* [YOUR GOAL]: Go to the line containing "A pool area" and retype it and every later line exactly as written, up to the last line of the entries. Keep pictures out.

* [EXERCISE DATA]:
[Start of section]

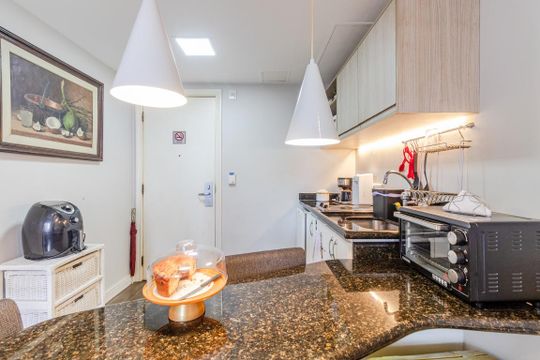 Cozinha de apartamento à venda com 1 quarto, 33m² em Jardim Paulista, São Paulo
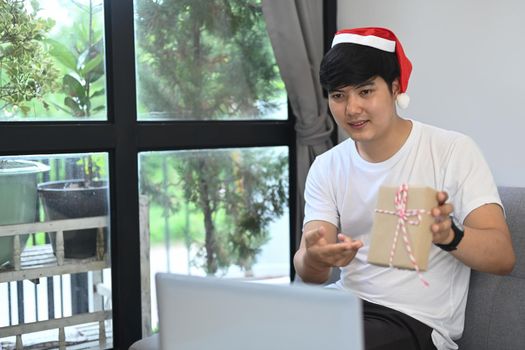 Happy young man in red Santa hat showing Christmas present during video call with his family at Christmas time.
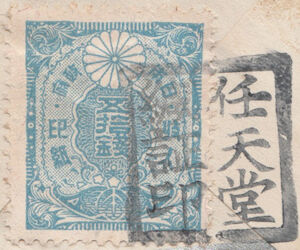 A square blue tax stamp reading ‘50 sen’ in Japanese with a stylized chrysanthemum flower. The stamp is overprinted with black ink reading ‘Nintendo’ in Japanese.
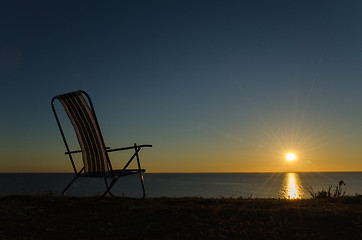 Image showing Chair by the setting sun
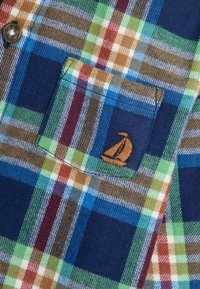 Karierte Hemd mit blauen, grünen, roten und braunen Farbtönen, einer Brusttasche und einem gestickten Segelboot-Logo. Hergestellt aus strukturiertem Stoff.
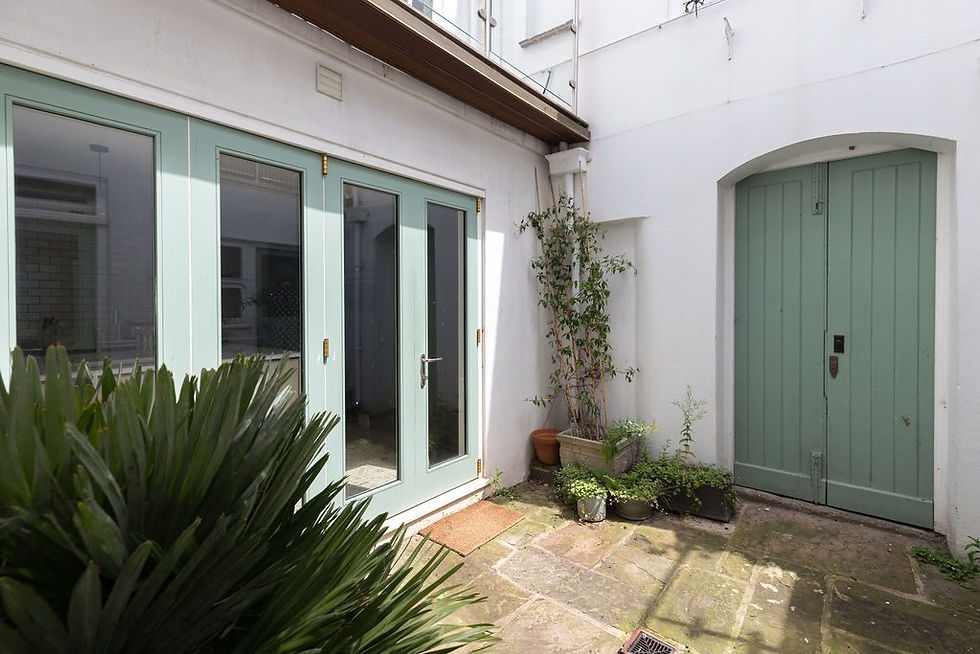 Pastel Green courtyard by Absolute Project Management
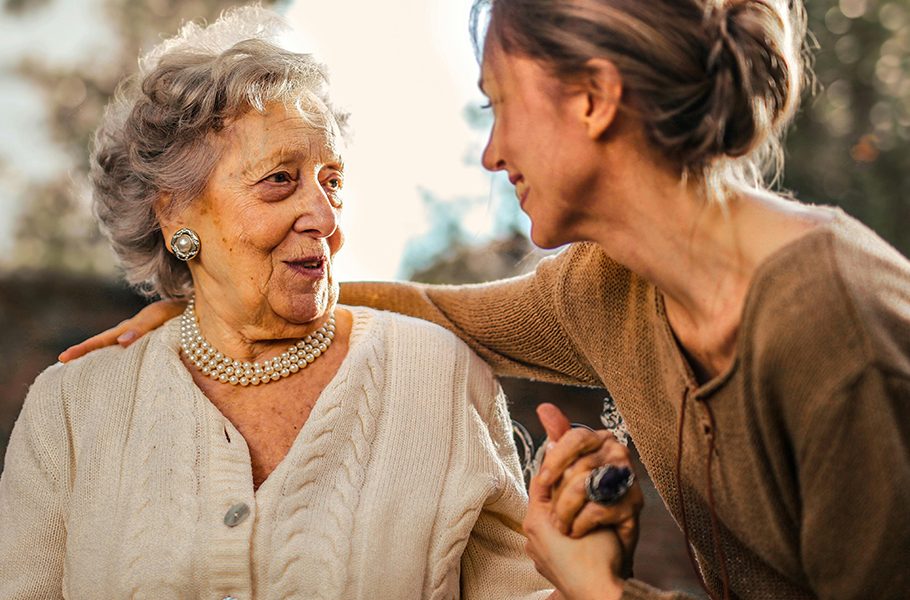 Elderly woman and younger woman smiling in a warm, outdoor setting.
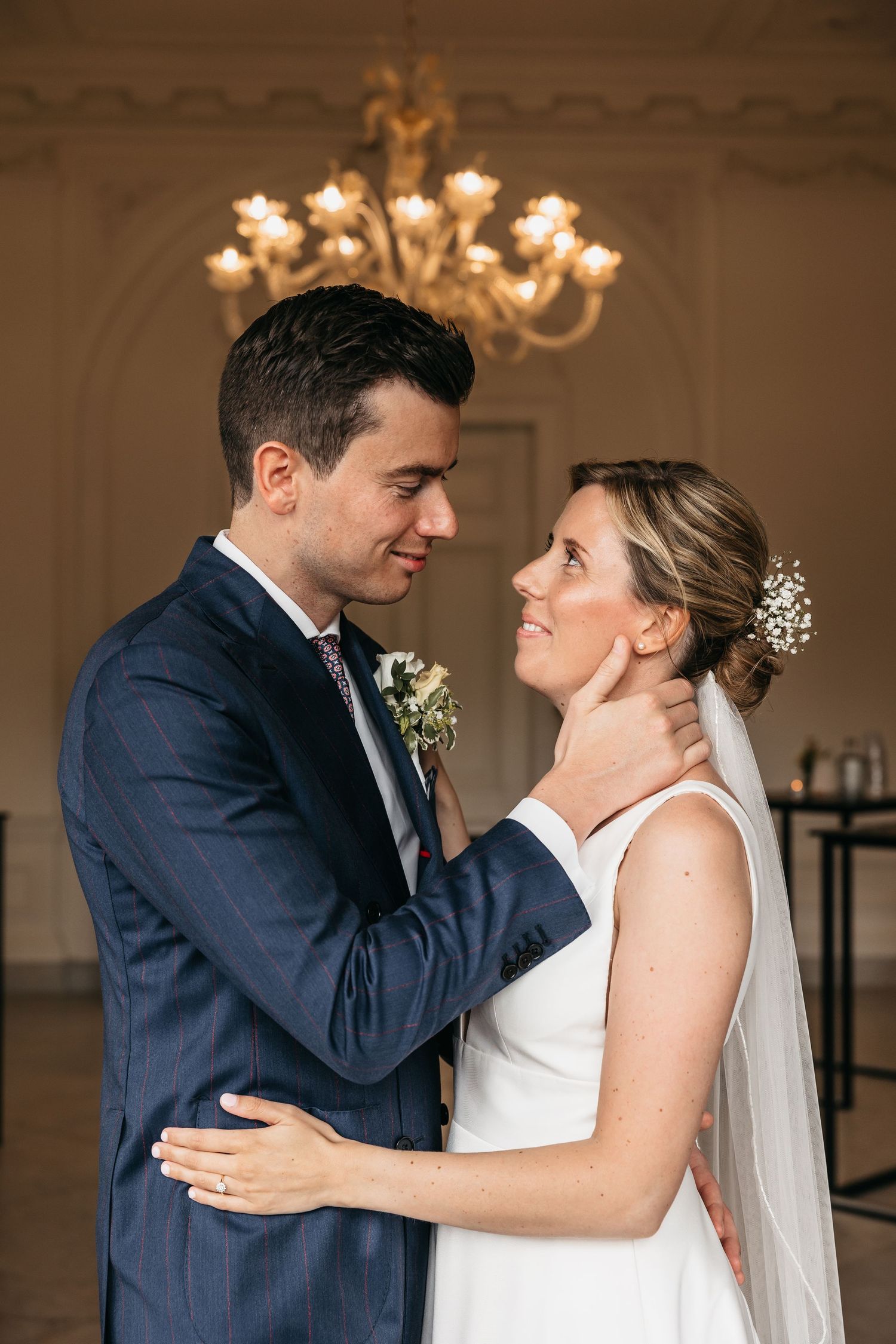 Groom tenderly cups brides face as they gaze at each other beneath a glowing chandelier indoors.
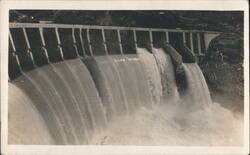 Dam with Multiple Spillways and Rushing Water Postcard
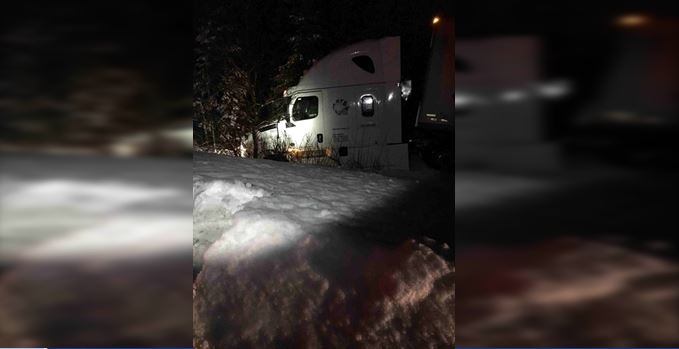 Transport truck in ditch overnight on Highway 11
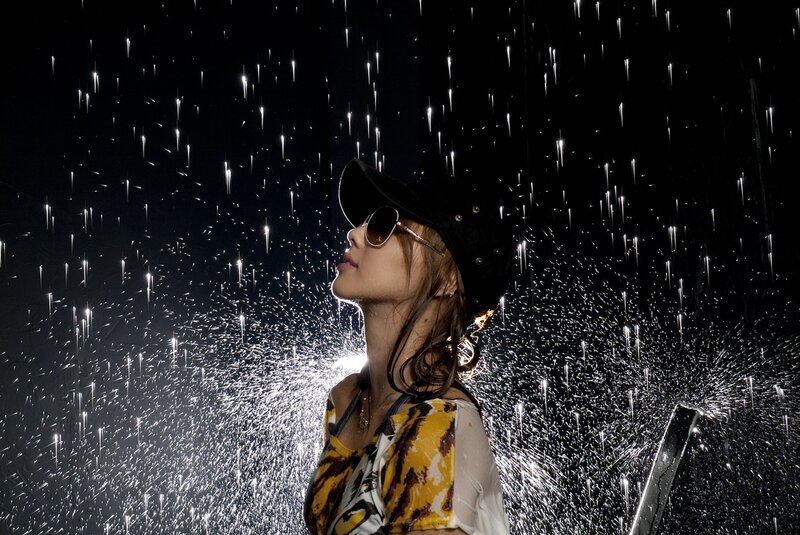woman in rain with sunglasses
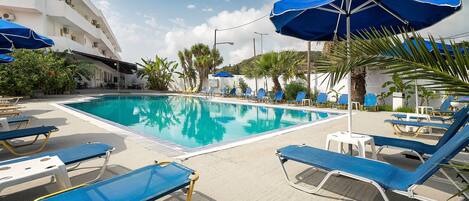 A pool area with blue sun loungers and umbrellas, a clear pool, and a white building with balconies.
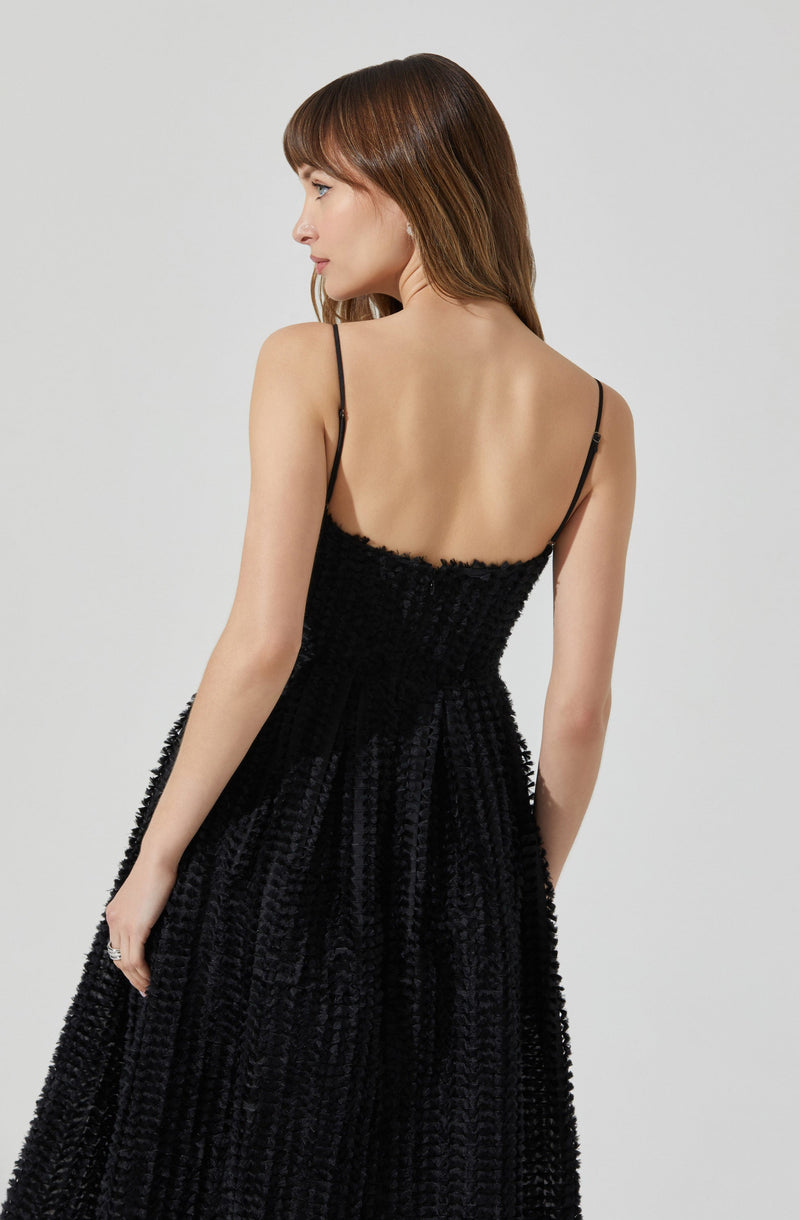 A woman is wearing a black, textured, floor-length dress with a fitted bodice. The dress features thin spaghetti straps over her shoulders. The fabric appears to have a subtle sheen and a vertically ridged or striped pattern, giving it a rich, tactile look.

[End of section]

* [PROBLEM SOLUTION]:
 A pool area with blue sun loungers and umbrellas, a clear pool, and a white building with balconies.
 A woman is wearing a black, textured, floor-length dress with a fitted bodice. The dress features thin spaghetti straps over her shoulders. The fabric appears to have a subtle sheen and a vertically ridged or striped pattern, giving it a rich, tactile look.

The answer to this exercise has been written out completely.